When terror strikes in a modern-day shtetl
In Monsey, few slept on Saturday night.
And the next morning, residents of the Forshay neighborhood walk around with wide, unbelieving eyes.
Let me tell you something about this quiet, wooded town in Rockland County where a man attacked a Hanukkah party with a machete.
It’s often called a “Hasidic enclave.” It’s not.
It is, in fact, a bustling universe unto itself. This county has one of the largest concentrations of ultra-Orthodox Jews outside of Israel: Multi-family developments, large mansions and estates, bearded men jogging, women in turbans power-walking. Schools and synagogues expanding every year. Here, residential roads are silent on the Sabbath; here, children can play in the streets on Saturday afternoons; here, teenagers take strolls on Friday nights and get lost in long-winded conversations without thinking twice about security.

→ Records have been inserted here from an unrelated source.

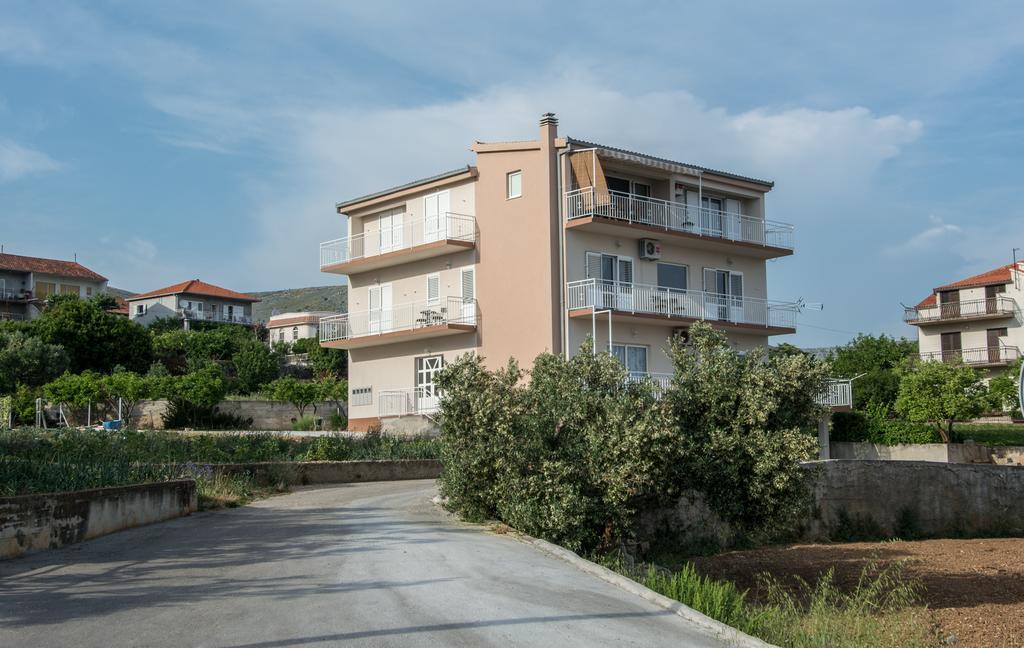 Apartments Iva 돈지세케트 외부 사진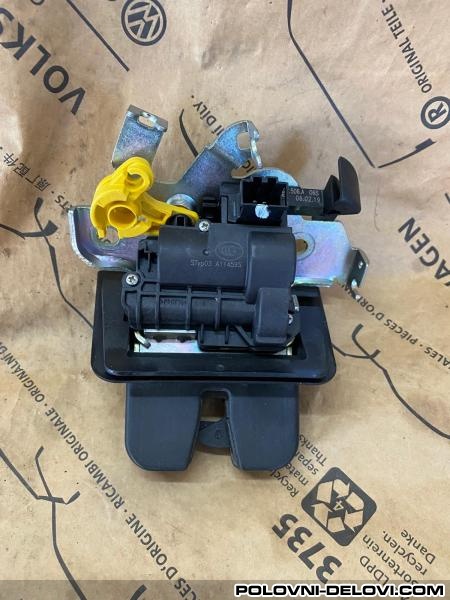 Audi Q5 Brava Na Gepek Vratima - 80A 827 506 A 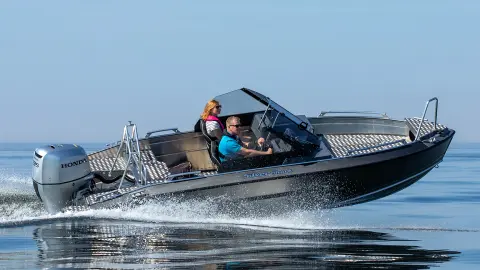 Couple sur un bateau équipé de moteurs Honda BF135. 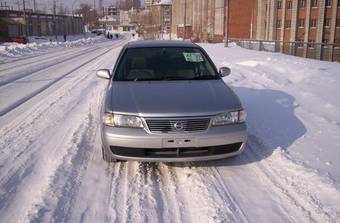 2002 Nissan Sunny Pictures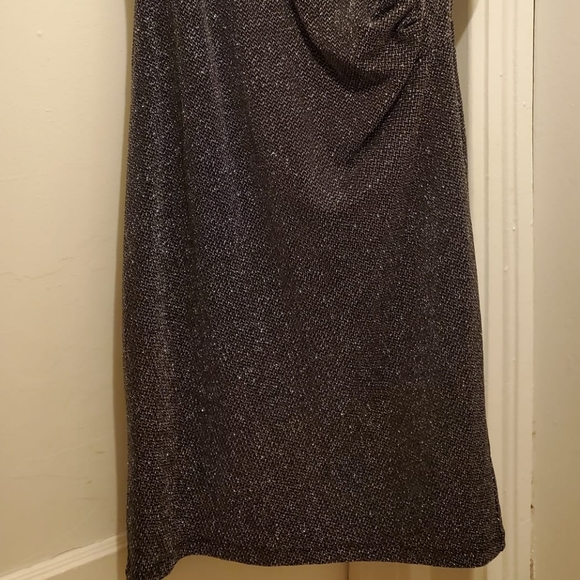NWT Black Sparkly Short Sleeve Midi Party Dress - Picture 2 of 4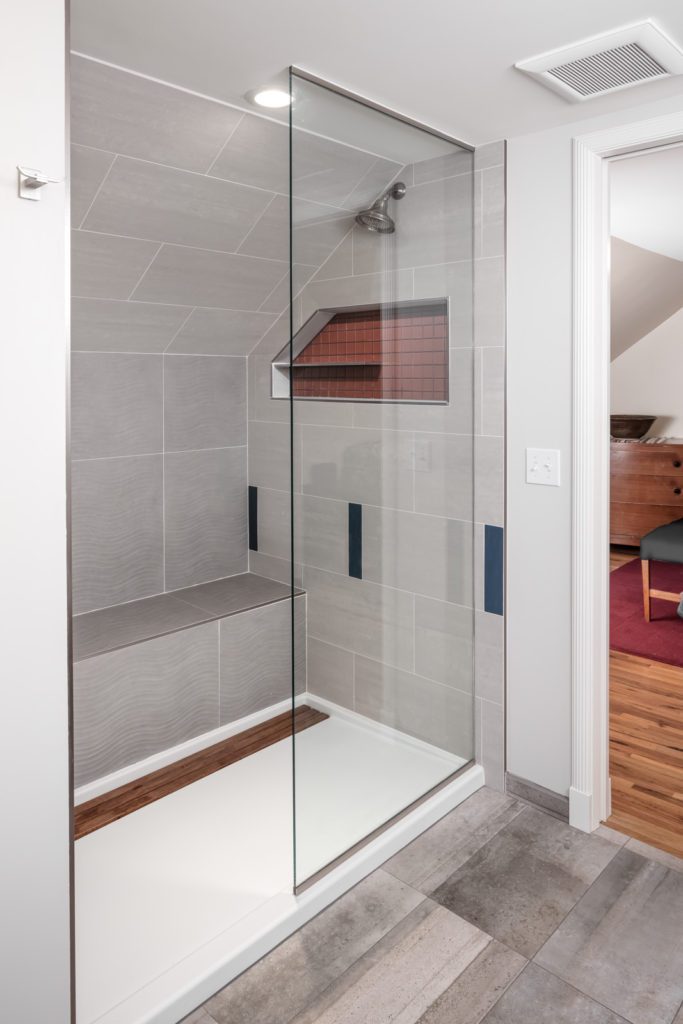 Bathing in Luxury: Doorless Walk-in Showers Show the Way 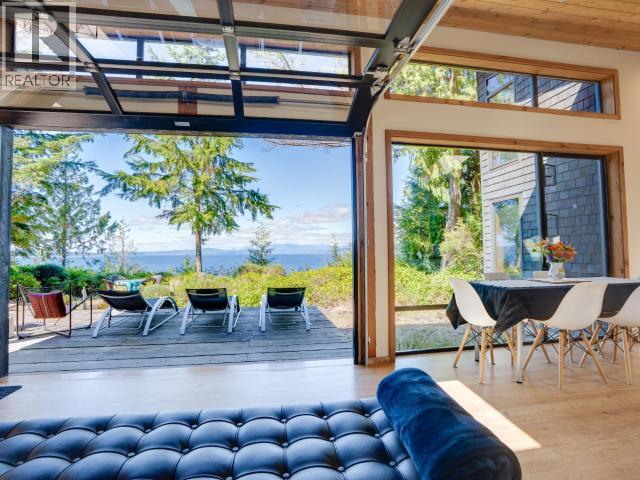 1805 SAVARY ISLAND RD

This is the place that you move to, to escape the prices and small spaces of Brooklyn — to give your child that American backyard, with a flavor of the old country. This is the place where you don’t have to lock your doors; where your neighbors can come in and out of your home, where social gatherings go late into the night, because no one is rushing anywhere.
This is a kind of place where billionaires live in heimishe Taj Mahal’s that they’ve built themselves; and this is also the place where the needy live just around the corner, receiving anonymously donated boxes filled with Sabbath food every Friday.
This is where you buy your kosher groceries, your modest dresses and stockings, your yarmulkes and tzitzis for your sons, your religious books, your husband’s black hats — all in a few adjacent strip malls.
This is a place with a gemach, a free loan fund, for anything one might need: A wedding gown, a briefcase for a job interview, a wheelchair.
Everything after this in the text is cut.